That's why we need to extend grace and mercy toward one another. Over and over again we have to remind ourselves of Jesus vital words, "Treat others the way you want to be treated." (Matthew 7:12 … Follis paraphrase)
I heard a recent sermon on-line by an old Bible college classmate. He is a talented guy with graduate degrees aplenty and loads of experience. But in the sermon he went on and on about a certain behavior that was sinful. He ran it into the ground, basically shaming the listeners.
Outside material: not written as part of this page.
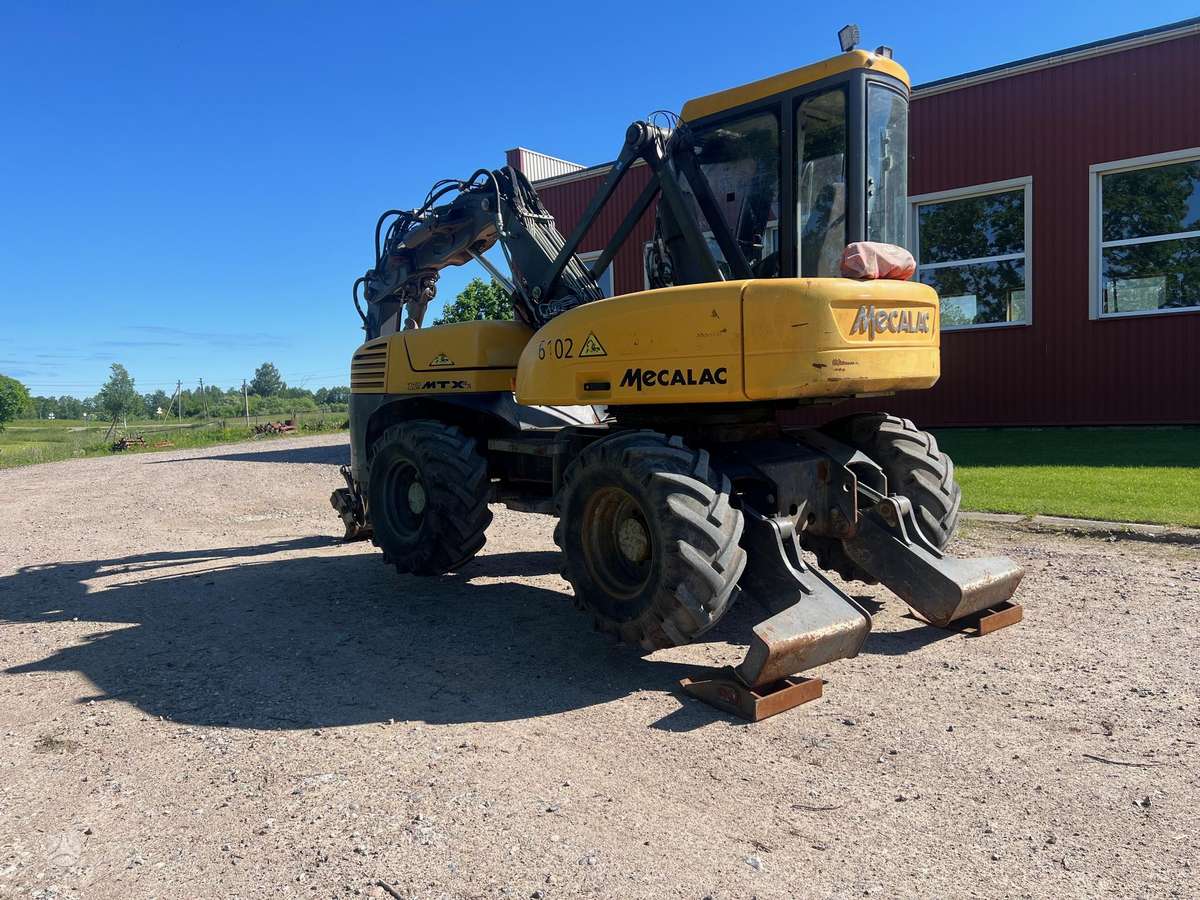 Mecalac 12MTX, ekskavatoriai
And I thought, "Good grief, man, back off." But then I thought, "Well, maybe I don't know the entire situation. Perhaps there's more to it than I am hearing. I guess I should let the cutting edge of my judgment be mercy and cut him the same slack I'd want him to cut me if he heard a sermon by me." (It still bugged me.)
People were even disappointing each other in one of my favorite early churches, the church at Philippi. Yep, they sure were. Paul says in chapter 4 verse 2: "Now I appeal to you Euodia and Syntyche. Please, because you belong to the Lord, settle your disagreement.." Maybe they did; maybe they didn't.
It take a lot of patience, a lot grace and a lot of understanding to give people with whom you disagree the benefit of the doubt. Indeed, it has occurred to me that some days I must be the toughest guy in the world to get along with.
Can there be deep sighing even as we give others the benefit of the doubt? Or are those two mutually exclusive?